Warszawski zespół Kostji i Ewika działa tak długo, że z dzisiejszej perspektywy ta płyta, przypominająca po części ich stare piosenki, jest retro sama w sobie. SG&RB tylko pod jednym względem nie trafili w punkt. Byli pionierami revivalu lat 80. w Polsce i najgorętszy okres ich działalności wypadł aż za wcześnie. Sam się nimi fascynowałem, byli gwiazdami stołecznego undergroundu, ale rynek płytowy ich działań, mówiąc brzydko, nie skonsumował (jeśli pominąć kompilację „Disco Chaos” z SP Records).
Dziś, po całej serii powrotów do tamtej dekady, łatwiej docenić romantyzm tego podejścia. Nieco amatorski, punkowy sznyt, utrzymywane konsekwentnie wysokie tempo, czasem leciutko sfałszowane wokale, brzmienia rodem z tej strony Muru (bardziej Biliński i Papa Dance niż Kraftwerk – z wyjątkiem może „Syren”). Realizacja dość płaska, jak z polskich studiów w epoce, do tego zręczne teksty i niesamowita energia. Z zagranicznych wzorców – raczej Soft Cell niż Human League. Ta linia jest tak prosta i konsekwentna, że trudno odróżnić młodsze nagrania SG&RB od tych najstarszych. Paradoksalnie też nie są ulepione z jakiejś miejskiej mody, wręcz demonstracyjnie naturalne – Kostja wychowywał się w bloku na warszawskich Jelonkach, jeździł kupować kasety w praskiej Dziupli na Ząbkowskiej, potem uwielbiał omijany przez snobującą się młodzież Stadion X-lecia. Szedł swoją drogą, a mimo to – jak kiedyś wspominał – przez lata żył z mody na lata 80. Super Girl & Romantic Boys, którzy ją w Polsce rozpętali, także tę płytę (CD i DVD za jednym zamachem) wydają – taka złośliwość losu – nie w punkt, czyli w momencie, gdy „ejtisy” stają się zjawiskiem już bardzo wyeksploatowanym. To nie ułatwi im sprzedaży, ale odbiorcom da szansę spojrzenia na zespół nie przez pryzmat mody, ale jako na formację, która robiłaby to, co robi, nawet gdyby od 20 lat panowała koniunktura tylko na metal i country. I może – mam nadzieję – usłyszą w tym muzykę ponadczasową.

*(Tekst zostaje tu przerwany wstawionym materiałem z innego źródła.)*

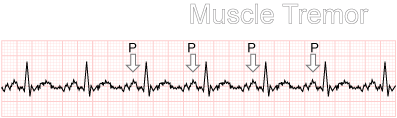 Muscle Tremor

RÓŻNI WYKONAWCY „Glad I Was Young in the 80s. Sleep Well, Chapter IV”
Requiem 2013
Trzeba posłuchać: „Maid Of Orleans” OMD (7JK), „I Like Chopin” Gazebo (Jacaszek), ale też „Blue Monday” New Order (The Complainer) i „Shipbuilding” Roberta Wyatta (Socha/Bonarek/Gawlik/Duda)

Ten album Requiem Records to jest już rzecz, która wzbudzi kontrowersyjne reakcje – i nie może być inaczej ze względu na szeroką paletę oryginałów (od Davida Bowiego po Mandy Smith), ich klasyczność („Das Model” Kraftwerk, „Blue Order Monday” New Order), ale też rozpiętość zainteresowań polskich autorów nowych wykonań: elektronika z industrialnym sznytem, muzyka ambient, rock. Wiele z tych wykonań to dowody kultu brzmienia, próby zrealizowania czegoś bardzo bliskiego dźwiękowo („Das Model” grupy Das Moon) albo duchem (tłumaczony na polski „Der Mussolini” grupy D.A.F. w wykonaniu formacji Prawatt). Najlepsza na tym tle wydała mi się „Dziewica Orleańska” OMD w wykonaniu 7JK – tu słychać i miłość, i inne, oryginalne podejście. Chwilami jednak nawet i te bardzo wierne (New Order z cieniem pastiszu u Complainera, Robert Wyatt w utworze Elvisa Costello z pełną wrażliwością interpretowany przez Ireneusza Sochę) przyciągają siłą przywiązania do lat 80. (wyrażonego też w tytule). Zaskakują w tym zestawie piosenka polska („Tak długo czekam (ciało)” Republiki w wykonaniu Agressivy 69), no i bezwzględnie „I Like Chopin” Gazebo w wersji Jacaszka – już sam pomysł wykonania tego utworu wydaje się zagraniem va banque, a jeszcze w takim wersji?
Oczywiście pozostaje problem z syntezą, z wyciągnięciem jakiegoś wspólnego mianownika z tych wszystkich nagrań. Moim zdaniem jest nim paradoksalnie to, że lata 80., które wydają się z perspektywy spójną wizją (oczywiście to tylko skrót, który nam daje dzisiejsze spojrzenie), mogą być jednocześnie polem działania dla tak wielu wykonawców i budulcem tak różnorodnej płyty.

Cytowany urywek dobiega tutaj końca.